Although we recognize that the element of “strength” applies to any kind of commitment related to the UN Agenda 2030, it has not been considered in our research because we investigate companies’ implementation to the SDGs without focusing on their individual features.

In the following section, we apply the first principle of social impact theory (Social Forces—I = f(SIN)) through immediacy (I) and number of actors involved (N) to the SDG framework to theoretically elaborate on the criteria of interconnectedness and inclusiveness.

Achieving Social Impact Through the SDGs: Interconnectedness and Inclusiveness Criteria

As previously discussed, the UN Agenda 2030 has the potential to act as a strategic, operational and unifying tool to change and improve current approaches to the economy, society and the environment. To transform that potential into reality, we need to understand how this framework can be implemented to achieve a positive social impact. To investigate and facilitate this process, we start by applying the first rule of social impact theory to a company’s commitment to the SDGs. First, we focus on the element (I): Immediacy. This refers to the temporal dimension, that is the speed with which one reacts to a problem or need (Latané, 1981), as well as to the removal of the barriers and/or filters that can weaken or limit the social impact. The concept of immediacy echoes with the “deep interconnections and many cross-cutting elements across the new Goals and targets” (UN, 2015, p. 9) in the UN Agenda 2030.

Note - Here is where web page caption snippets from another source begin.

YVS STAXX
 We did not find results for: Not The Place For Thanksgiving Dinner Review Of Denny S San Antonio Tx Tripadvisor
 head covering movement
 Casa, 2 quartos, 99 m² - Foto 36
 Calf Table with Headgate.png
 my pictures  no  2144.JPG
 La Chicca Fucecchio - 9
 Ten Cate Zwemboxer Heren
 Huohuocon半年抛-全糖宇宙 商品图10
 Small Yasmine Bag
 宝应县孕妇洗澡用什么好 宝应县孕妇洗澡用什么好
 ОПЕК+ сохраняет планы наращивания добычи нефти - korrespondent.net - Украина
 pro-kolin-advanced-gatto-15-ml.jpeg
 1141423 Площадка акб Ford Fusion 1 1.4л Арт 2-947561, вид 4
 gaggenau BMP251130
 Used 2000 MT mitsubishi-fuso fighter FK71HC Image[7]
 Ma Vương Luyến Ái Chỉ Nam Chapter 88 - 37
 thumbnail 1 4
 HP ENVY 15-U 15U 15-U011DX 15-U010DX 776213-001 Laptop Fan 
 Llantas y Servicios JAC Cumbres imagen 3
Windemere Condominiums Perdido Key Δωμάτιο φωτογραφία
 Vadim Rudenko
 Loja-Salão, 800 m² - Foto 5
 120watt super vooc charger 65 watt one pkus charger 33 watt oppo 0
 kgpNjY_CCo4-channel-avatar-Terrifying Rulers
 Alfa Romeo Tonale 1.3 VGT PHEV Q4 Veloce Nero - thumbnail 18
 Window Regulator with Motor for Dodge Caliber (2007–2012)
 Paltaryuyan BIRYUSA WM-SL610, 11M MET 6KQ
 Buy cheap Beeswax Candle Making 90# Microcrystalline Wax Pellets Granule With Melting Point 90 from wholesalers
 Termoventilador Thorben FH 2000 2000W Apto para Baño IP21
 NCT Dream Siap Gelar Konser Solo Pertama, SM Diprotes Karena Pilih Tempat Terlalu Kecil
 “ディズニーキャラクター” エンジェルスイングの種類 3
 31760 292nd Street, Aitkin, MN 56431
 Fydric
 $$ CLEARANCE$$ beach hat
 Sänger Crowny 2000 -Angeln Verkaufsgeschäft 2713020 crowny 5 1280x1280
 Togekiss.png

The SDGs and their targets “can be seen as a network, in which links among goals exist through targets that explicitly refer to multiple goals” (Le Blanc, 2015, p. 177). The UN Agenda 2030 also emphasises the relationships between individual objectives, creating widespread and intertwined links between all the SDGs (UN, 2015). Le Blanc (2015) showed how the descriptions of 60 targets refer to at least one goal other than the one to which they are connected, and 19 targets refer to at least three different goals. As argued by Pradhan et al., (2017, p. 1177):

All the SDGs need to act as a system of interacting cogwheels that together move the global system into the safe and just operating space. No SDG will do that individually, and the whole SDGs should not be seen as an additive structure but as a system of synergistic re-enforcement. Hence, attainments of SDGs will greatly depend on whether synergies can be leveraged and trade-offs identified and tackled.

Therefore, Latané’s (1981) notion of immediacy implies that businesses can achieve a social impact through SDGs only if they consider the interconnections, synergies and relationships between the goals and their target (Gore, 2015). Achieving the SDGs requires a series of changes and transformations that can be accomplished only through a holistic and multidisciplinary vision and approach (Filho et al., 2018). Thus, when implementing an SDG initiative, companies should consider that the results achieved with regard to a specific goal will inevitably have an impact on other goals. For instance, common pool resources (Gabaldon & Gröschl, 2015) and marine protected areas (MPAs) have become compelling areas of ecosystem-based management due to ecosystem decline and a global environmental crisis that affects all natural heritage sites. MPAs constitute a valuable territory of SDGs implementation because there is a need to harmonise the goals and expectations of various categories of stakeholders, ranging from the institutional to the workforce levels. Therefore, to protect biodiversity and enhance the resilience of the natural area it is necessary to engage all stakeholders. The institutionalisation of MPAs positively contributes to SDG 14—target 14.5 (the conservation of coastal and marine areas), leading to the protection of the marine ecosystem, marine biodiversity and coastal area. However, this initiative also affects the local fishing industry and the community. Consequently, its impact extends to SDG 1 (poverty eradication) and SDG 2 (food security) and depends on transparent and effective governance and the co-management of the MPAs (Edgar et al., 2014; Nilsson et al., 2018). If the management of the MPAs reconciles multiple interests with stakeholder empowerment actions based on reciprocal trust, knowledge-sharing, a balanced relationship between powerful and powerless stakeholders and, consequently, dialogue and training, even SDG 4 (quality education) is achieved. In fact, when fishermen—generally considered to be low-power stakeholders—are fully engaged as decision-makers, they become spokespersons and foster an entrepreneurial mindset to enhance new business models in the local community (Freeman et al., 2018). This may lead to the improvement of SDG 8 (decent work and economic growth) because a shared vision of conservation and responsible development of the MPAs has been enhanced by this effective co-management based on stakeholder empowerment.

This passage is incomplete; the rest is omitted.